A common complaint from young voters in the UK is that there is virtually no diversity within the house of commons, and therefore only a proportion of society is actually represented. The typical picture painted of a politician is a white, middle class man in his fifties with traditional and conservative view points. Admittedly this description does seem to coincide with the majority of MP’s, however, brace yourselves, because I am here to tell you that it does not fit everybody.
Introducing Mhairi Black. A twenty-three-year-old SNP politician from a Paisley, which out of 7000 areas in Scotland was rated as the worst place to live due to poverty. The youngest member in the House of commons since at least 1832 personifies difference, her appearance in politics is long awaited, and her fresh perspective is much needed. It is clear to see Black is not afraid of a challenge but completely and utterly devoted to her cause, elected at just twenty years old whilst still studying a degree in Politics and Public Policy, she later went on to graduate from The University of Glasgow with first class honours.
After winning the 2015 election she became the youngest politician to be elected in 185 years, her youth is not the only unconventional aspect of this young woman. When questioned about ‘coming out’ as being gay she frankly replied, “I was never in” – this blunt honesty is something desperately required in the political world and her openness acts as a breath of fresh air, opposed to the spin doctoring we normally see. Here we have a politician that grew up in a different generation, in one where homosexuality is not seen as a hindrance or some sort of secret, one that grew up with people accepting her for simply being herself despite what she has accomplished (which is undeniably phenomenal) and one who will hopefully bring these ideals with her into the political world.
Mhairi Black’s speeches have often found themselves on social media being shared extensively, in one case a speech about food banks received over 10 million views, perhaps due to her much-loved feistiness. Watching this young woman so passionately argue her cases fills viewers with hope, hope that we do have at least some of the right people in charge, hope that we are being heard and understood by those in power, and hope that her fight and spark will carry her through, enabling the changes that need to happen.

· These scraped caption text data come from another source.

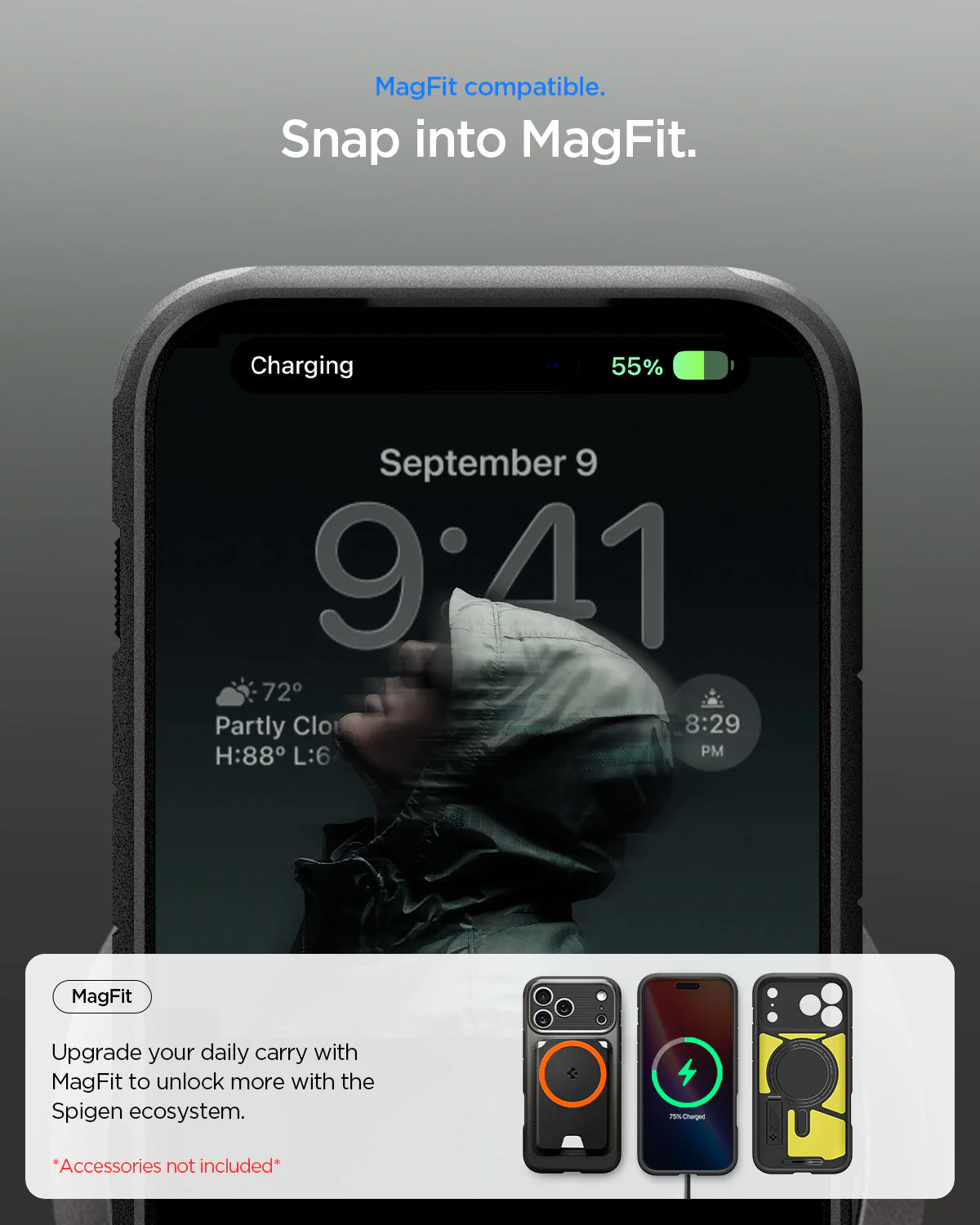 iPhone 17 Series - Tough Armor T (Mag Fit) - Image 33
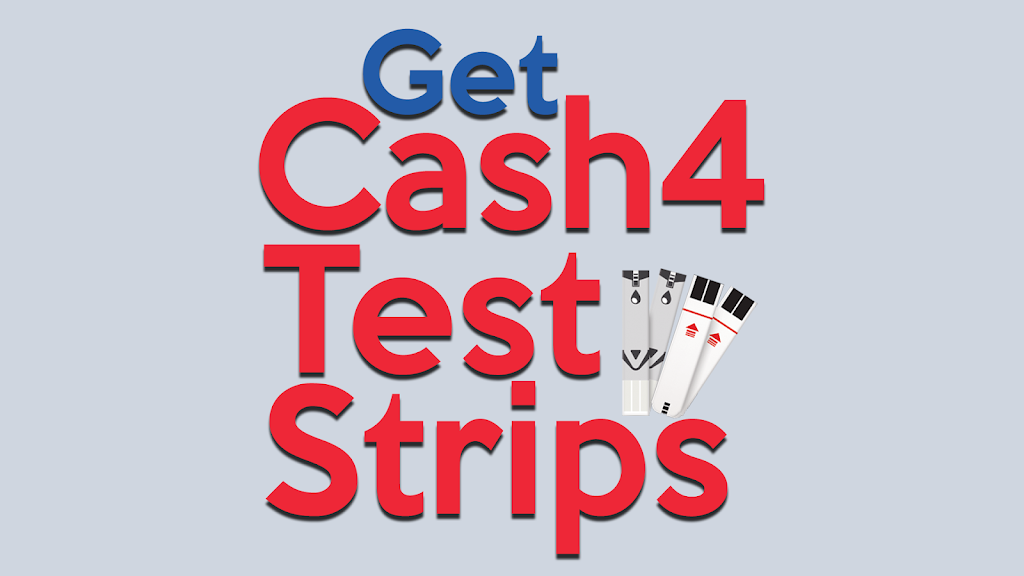 Get Cash4TestStrips | 25 Evelyn Ln, Quakertown, PA 18951 | Phone: (484) 222-8412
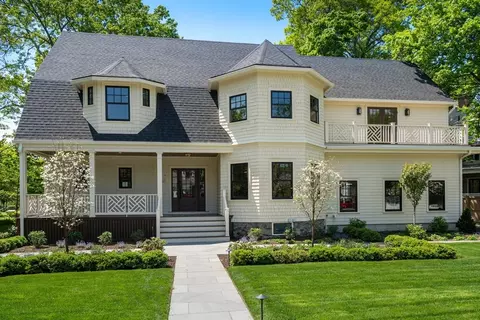 61 Westbourne Rd, Newton, MA 02459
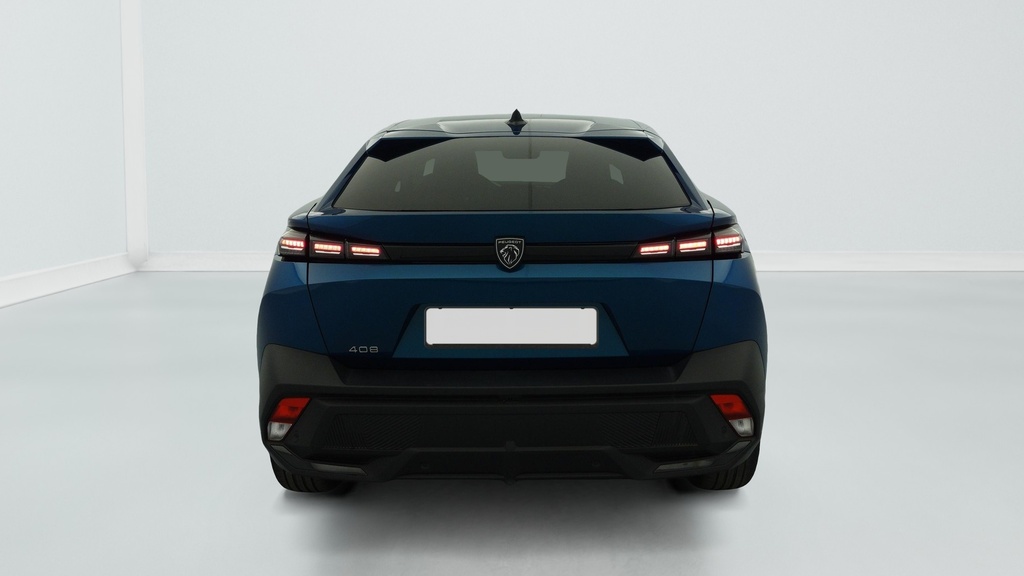 Peugeot 408 Hybrid 136 e-DCS6 Allure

So, not only is Black opposing political frameworks for simply being a female, working class, determined and homosexual politician, she also openly opposes the political operating system. This spirited Scott has actively criticised Westminster’s practice, pointing out that in order to vote MPs have to do it in person which instead of resulting in higher voting rates, has instead diminished them due to many MP’s not bothering to turn up at all. Describing the whole system as “so excluded from reality” she is actively proposing changes to the way things are run, suggesting an electronic voting system to influence those lucky enough, and make it as easy as possible for those who have are entitled to actually use it.
In her October 2017 speech about alterations to the benefits system and the proposal to roll out universal credit Black called the concept “arrogant and idiotic” and ended her fearless and factual speech warning the government to “halt it, and halt it now”. She explained that the government was acting like a vindictive loan shark who instead of being repaid is coming after its victims in terms of their stability, mental health, physical wellbeing and ultimately their sense of security. She criticised the government’s attitude towards the economic climate and reemphasises the fact that it was those in power who created this enormous debt and exposes their poor actions. Black bluntly summarised “we are not dealing with the national debt, we’re simply shifting it onto vulnerable households” and creates a voice for those who have been silenced.
Instead of praising government actions like many in her position do, she really acts as the spokesperson for the public, unlike most in power Mhairi does not feel distant from the public or entitled by her status. Black really is the people’s person.